Using custodianship to govern rights in big data is premised on five ethical principles that are explained below:Footnote 200

  1. i.

    Respect for privacy and autonomy: This entails ensuring that measures are in place to protect data subjects’ privacy while at the same time being accountable to them by maintaining open communication.Footnote 201

  2. ii.

    Reciprocity: Data custodians should provide feedback of the general results to relevant institutions and data subjects.Footnote 202 This principle can guide data controllers and other responsible stakeholders in ensuring the timely and efficient dissemination of aggregate research findings for the benefit of research participants and the public.Footnote 203

  3. iii.

    Freedom of scientific enquiry: This principle resonates with UNESCO’s recommendation that stakeholders adopt an understanding of big data as a common good of humankind, hence the need to facilitate open access and use of data for the common good.Footnote 204

  4. iv.

    Attribution: As already noted, sui generis database rights can be used to restrict access to the underlying data. The principle of attribution can reduce such restrictive practices by ensuring that stakeholders acknowledge the substantial investments in creating the databases and mutually agree on the terms of use and access.

  5. v.

    Respect for intellectual property: Although the underlying data are not the object of IP protection, stakeholders should respect related IPRs.

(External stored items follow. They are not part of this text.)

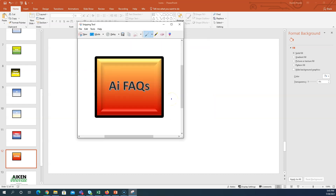Now I'm able to take this saved image of this icon and upload it into my Schoology course. Hope that helped!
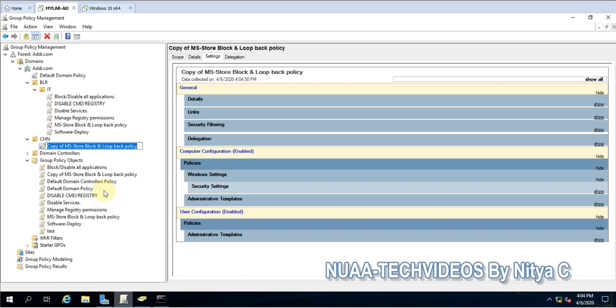Now if I want to rename it, I can go ahead and rename it. You can rename it anytime, there's no difference - it will not impact any machine or user. I'll name it New Policy.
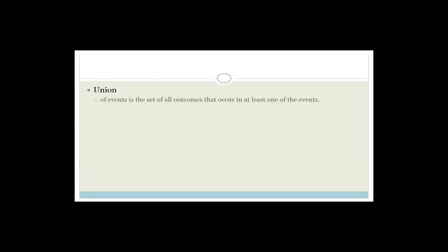Now let's talk about sets and unions of sets. A union of events is a set of all the outcomes that occur in at least one of the events. The notation is A union B. For example, if you've got set A = {1, 2, 3, 4} and set B = {3, 6, 9}, the union is going to be {1, 2, 3, 4, 6, 9} because it has to occur in at least one of the two.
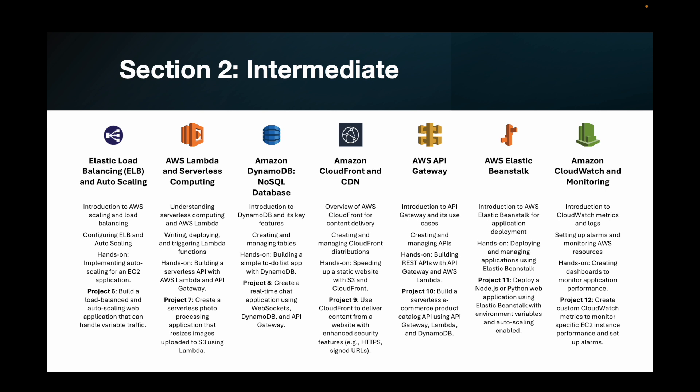Followed by section one, we have section two, which is for intermediate level, where we are going to cover elastic load balancing and auto scaling, AWS Lambda and serverless computing, Amazon DynamoDB no-SQL database, Amazon CloudFront and CDN, AWS API Gateway, AWS Elastic Beanstalk, and finally Amazon CloudWatch and monitoring. These seven chapters also have a hands-on session at the end of each section, plus a project which will cover a hands-on flow on how a project is built using these components.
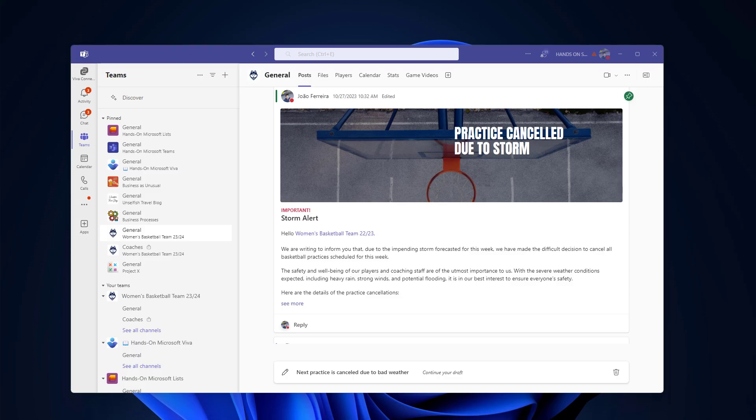Hello everyone and welcome to another Microsoft 365 video. On today's episode, I want to talk about something that will soon affect all of us using Microsoft Teams.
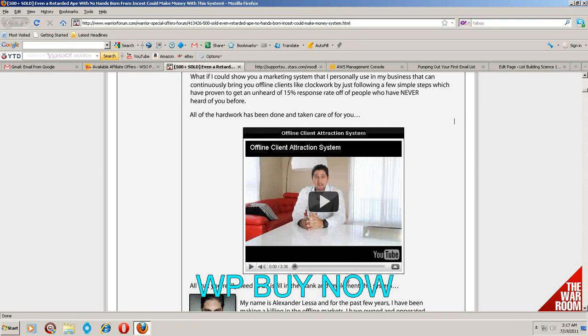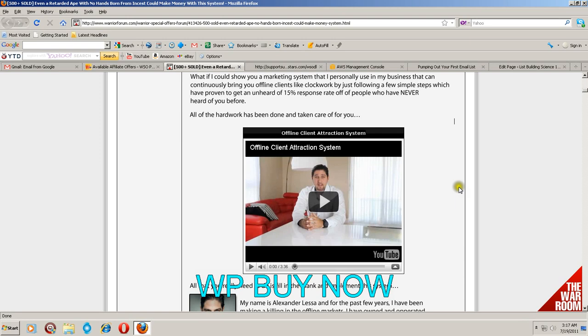Hey everybody, Sherman here. I just want to go over this WSO I just came across. It's awesome. I just purchased it and it's so good I just had to bring it to you guys.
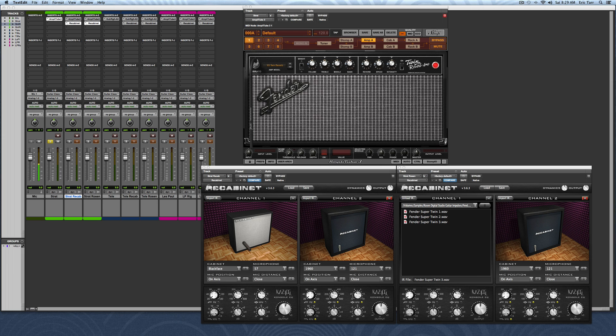This extra pre-processing means that these impulses can be dropped into your session, they're ready to go, and you don't have to do any extra work to get it to sound great.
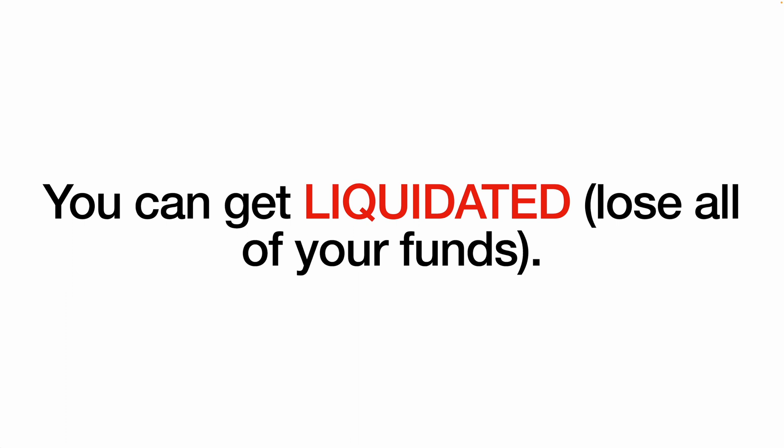When trading on futures, you are using your coins as collateral to open a position. This means that there's a risk that if your trade goes against you, you can get liquidated. This means that you end up losing all of your coins or your funds.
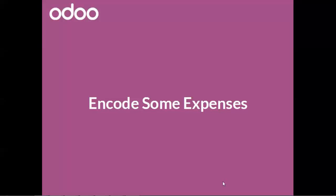Hello, this video will show you how to encode some expenses for your employees. iTools has businesses in different countries and the salespeople used to travel a lot. They must pay for hotels, fuel, and restaurants.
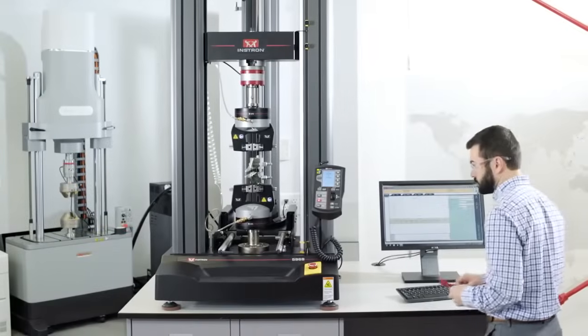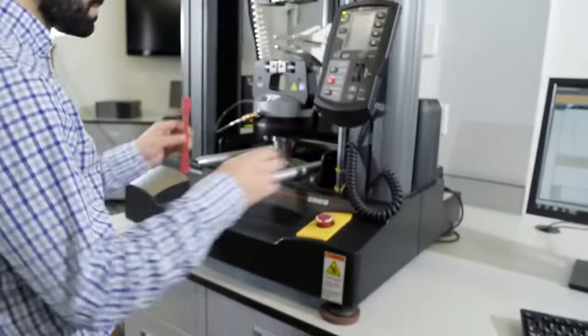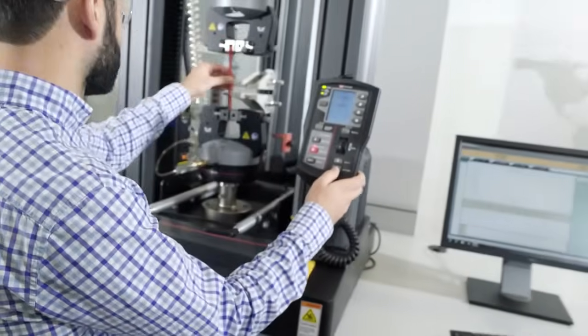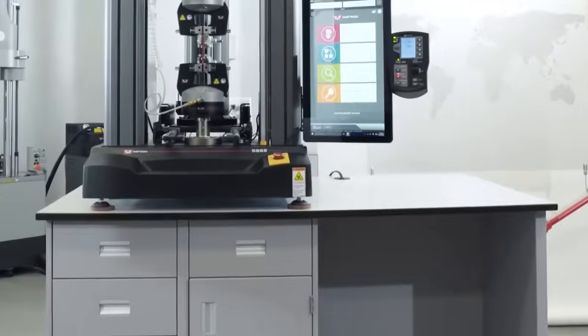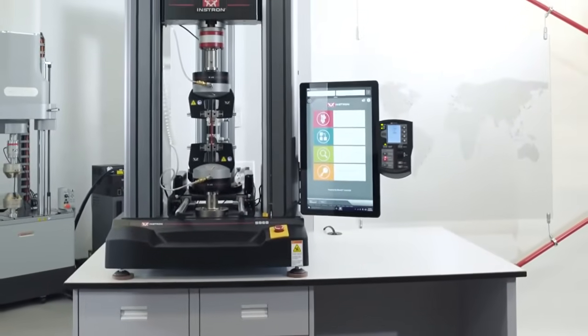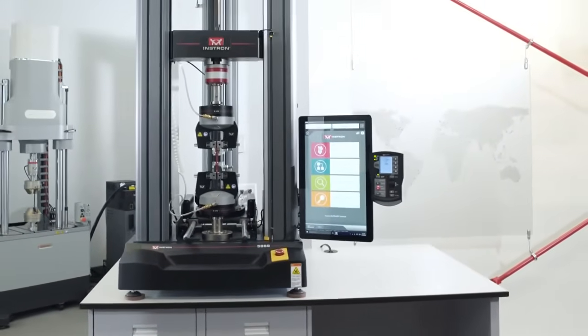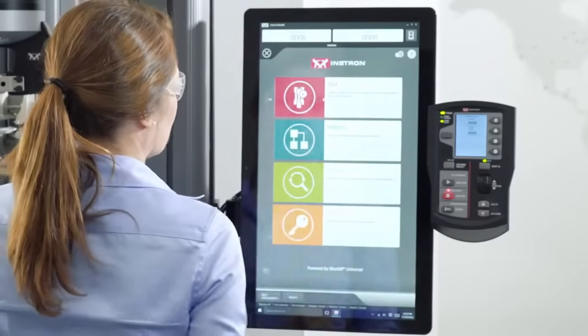Built on the success of over 30,000 Bluehill installations globally, Instron introduces Bluehill Universal, our next generation of material testing software built from the ground up for touch interaction.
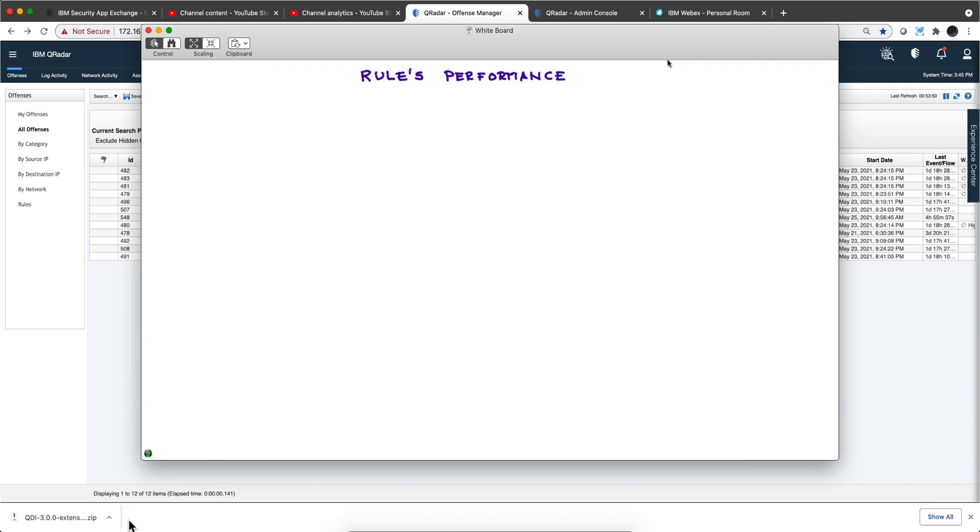One of the things that I'm sure developers in QRadar put great care into is making sure that the rules they produce perform very well and maximize the capabilities of the hardware that you have. I'm going to be talking about the performance of the rules that you will write because you need to keep some things in mind.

If the above principles that are embedded in custodianship are applied, then the ideal framework that proponents of data ownership have suggested, namely one that can ensure better trust in the accuracy of the data and facilitate enhanced sharing,Footnote 205 can be established without granting ownership rights that risk reducing data to a commodity for profit, thereby restricting data sharing and reuse.

5 Conclusions

The key insights from the discussions in this paper are: firstly, data as such are not capable of being owned. However, this does not mean that they should not be protected through other mechanisms that are aimed at ensuring accountability instead of granting proprietary rights. Having established that the underlying data are not owned by anyone, it is safe to conclude that the IP regime does not need to adapt to current big data practices. What is urgently needed is an alternative normative framework that is based on the ethical principle of custodianship to ensure accountability and responsible data sharing by all stakeholders. Secondly, granting property rights over underlying data has no basis in IP law and is incapable of solving the concerns in health-related research using big data. An important lesson from the discussion of the scope of sui generis rights in databases, as discussed in this paper, is that the underlying raw data should not be protected as IPRs. Such property rights in data will further impede data sharing. The concerns can be addressed through the paradigm shift that is discussed in this paper, which entails recognising that researchers, commercial organisations and repositories that collect and process data have custodial rights and responsibilities in handling the data.